Nothing should appear in the answer except the lines below from the line containing "Kii Pro dual" through the line containing "Тостер Homestar HS-1015 черный", copied exactly, with pictures left out.

Available data –
[Start of section]

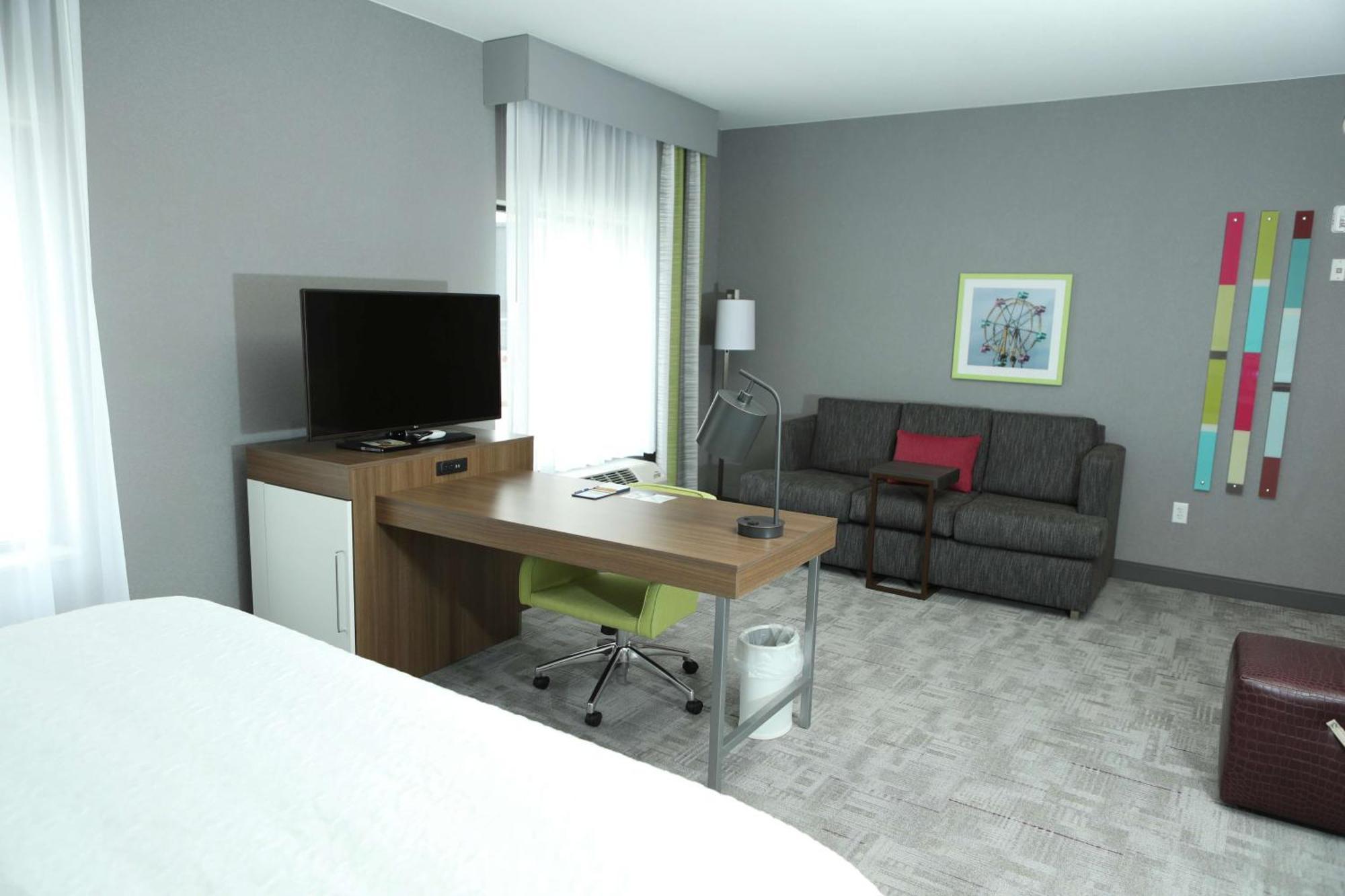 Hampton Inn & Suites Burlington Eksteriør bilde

[End of section]
[Start of section]

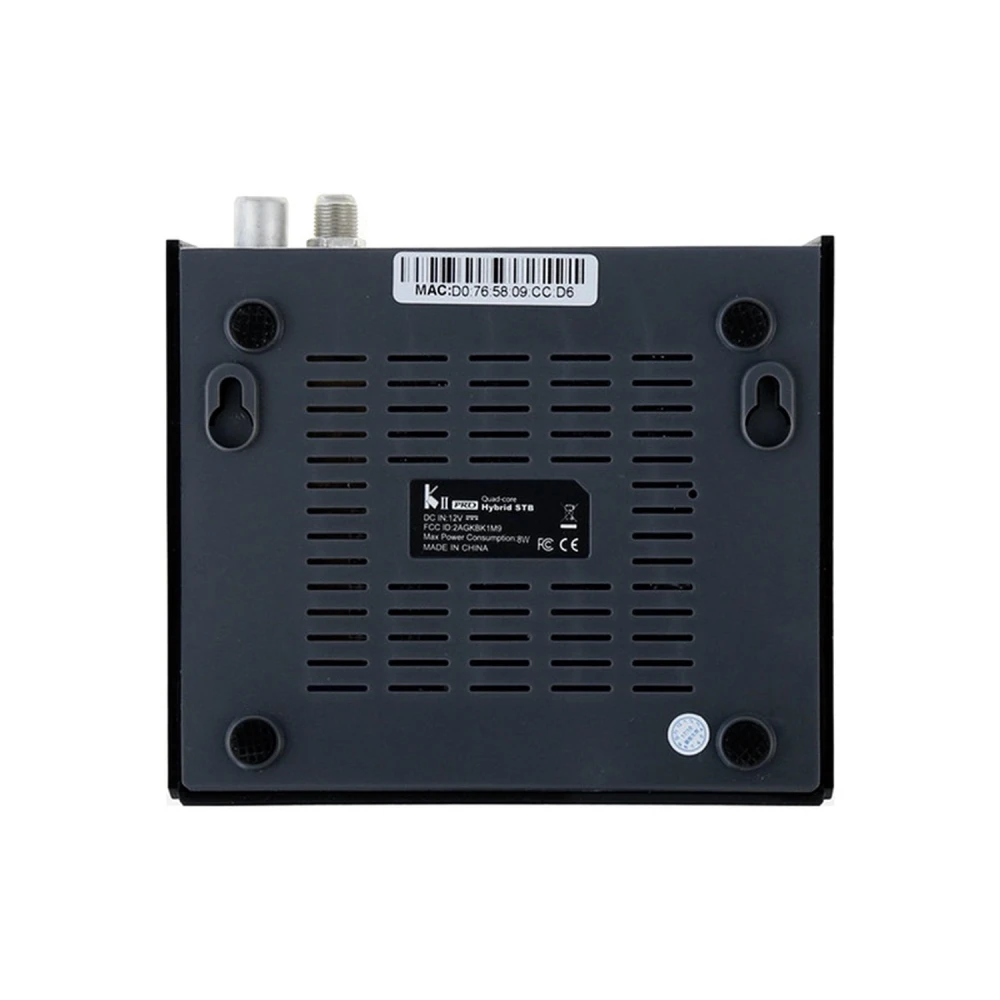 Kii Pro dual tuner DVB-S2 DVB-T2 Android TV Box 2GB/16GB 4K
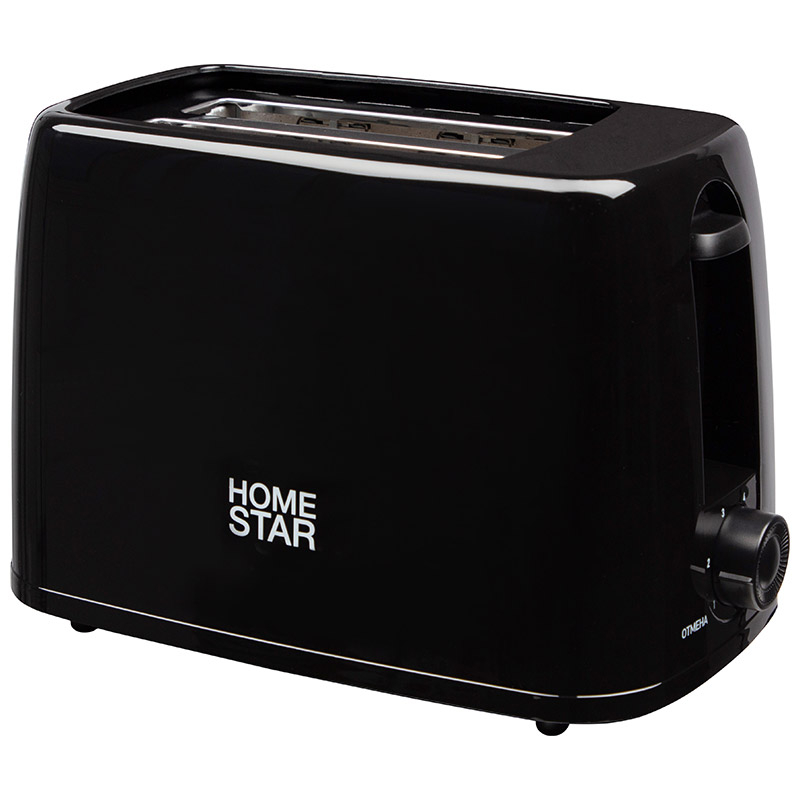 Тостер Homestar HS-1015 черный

[End of section]

Solved problem –
 Kii Pro dual tuner DVB-S2 DVB-T2 Android TV Box 2GB/16GB 4K
 Тостер Homestar HS-1015 черный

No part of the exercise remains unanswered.